Birimian (Paleoproterozoic) granitoids and associated volcanic and sedimentary rocks from the Kedougou-Kenieba-Inlier (KKI) of Eastern Senegal have been analyzed for their major, trace, REE concentrations and their Sr-Nd isotopic compositions. The calc-alkaline I-type granitoids were previously divided into several structural groups. The new geochemical data, however, do not give evidence for this subdivision into pre-, syn- and post-deformational intrusions. The results demonstrate the juvenile character of the granitic igneous rock suite and its isotopic similarities to the adjacent volcanic Mako and sedimentary Dialé-Daléma Supergroups. The Birimian rocks show uniform juvenile features such as low initial Sr isotopic composition (~0.700 to ~0.704), positive ∑Nd(t) values (2.1 to 4.3) and restricted Nd model ages (~2.0 to ~2.3 Ga).

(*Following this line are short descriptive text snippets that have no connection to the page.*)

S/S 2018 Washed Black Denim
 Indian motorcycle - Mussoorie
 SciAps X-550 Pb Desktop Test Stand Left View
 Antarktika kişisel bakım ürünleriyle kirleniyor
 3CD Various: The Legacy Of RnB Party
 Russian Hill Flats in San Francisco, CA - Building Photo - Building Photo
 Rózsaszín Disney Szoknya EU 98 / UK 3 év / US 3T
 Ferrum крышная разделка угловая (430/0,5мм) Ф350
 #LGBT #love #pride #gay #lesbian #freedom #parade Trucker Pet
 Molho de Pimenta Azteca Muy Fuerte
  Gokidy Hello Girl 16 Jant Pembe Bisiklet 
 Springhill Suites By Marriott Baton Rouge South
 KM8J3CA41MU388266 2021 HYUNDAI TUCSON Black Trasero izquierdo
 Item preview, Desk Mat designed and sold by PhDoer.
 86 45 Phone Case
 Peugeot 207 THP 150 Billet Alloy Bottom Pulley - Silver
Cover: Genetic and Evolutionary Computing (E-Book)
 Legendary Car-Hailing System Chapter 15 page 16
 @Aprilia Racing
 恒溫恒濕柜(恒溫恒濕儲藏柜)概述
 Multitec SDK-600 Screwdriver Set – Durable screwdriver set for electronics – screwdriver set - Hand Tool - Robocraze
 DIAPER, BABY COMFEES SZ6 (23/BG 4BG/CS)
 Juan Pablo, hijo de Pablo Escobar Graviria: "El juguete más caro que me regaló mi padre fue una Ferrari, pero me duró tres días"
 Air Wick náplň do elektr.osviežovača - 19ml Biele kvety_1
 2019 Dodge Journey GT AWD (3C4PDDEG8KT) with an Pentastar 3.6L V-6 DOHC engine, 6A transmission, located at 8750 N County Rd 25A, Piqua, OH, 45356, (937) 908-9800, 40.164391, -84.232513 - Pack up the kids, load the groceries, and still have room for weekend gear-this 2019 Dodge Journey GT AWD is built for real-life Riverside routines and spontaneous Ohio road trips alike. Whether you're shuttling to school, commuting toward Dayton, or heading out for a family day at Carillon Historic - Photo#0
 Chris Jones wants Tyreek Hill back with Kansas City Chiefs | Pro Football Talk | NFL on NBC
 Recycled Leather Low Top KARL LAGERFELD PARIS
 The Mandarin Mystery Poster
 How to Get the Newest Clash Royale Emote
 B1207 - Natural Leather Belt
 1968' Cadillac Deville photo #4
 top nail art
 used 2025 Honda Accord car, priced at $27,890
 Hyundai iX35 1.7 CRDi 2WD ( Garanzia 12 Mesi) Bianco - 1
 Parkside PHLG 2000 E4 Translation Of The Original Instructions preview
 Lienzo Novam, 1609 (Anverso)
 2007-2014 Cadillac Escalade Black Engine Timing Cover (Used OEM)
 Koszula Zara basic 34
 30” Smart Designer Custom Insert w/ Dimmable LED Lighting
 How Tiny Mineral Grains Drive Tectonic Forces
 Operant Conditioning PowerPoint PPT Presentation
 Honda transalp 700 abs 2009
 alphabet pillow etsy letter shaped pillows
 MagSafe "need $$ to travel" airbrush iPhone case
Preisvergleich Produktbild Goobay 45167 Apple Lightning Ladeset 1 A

They preclude the contamination of the juvenile Birimian crust of the KKI by notable amounts of reworked Archean crustal material. Comparison with existing data helps to clarify the complex evolution of Birimian Supergroups of the WAC. It can be concluded that the Birimian rocks are the product of a large-scale crustal growth process with large amounts of juvenile crust formed from the depleted mantle in a geodynamic environment compared to modern volcanic arcs. These bimodal volcanic arcs were later accreted to the WAC.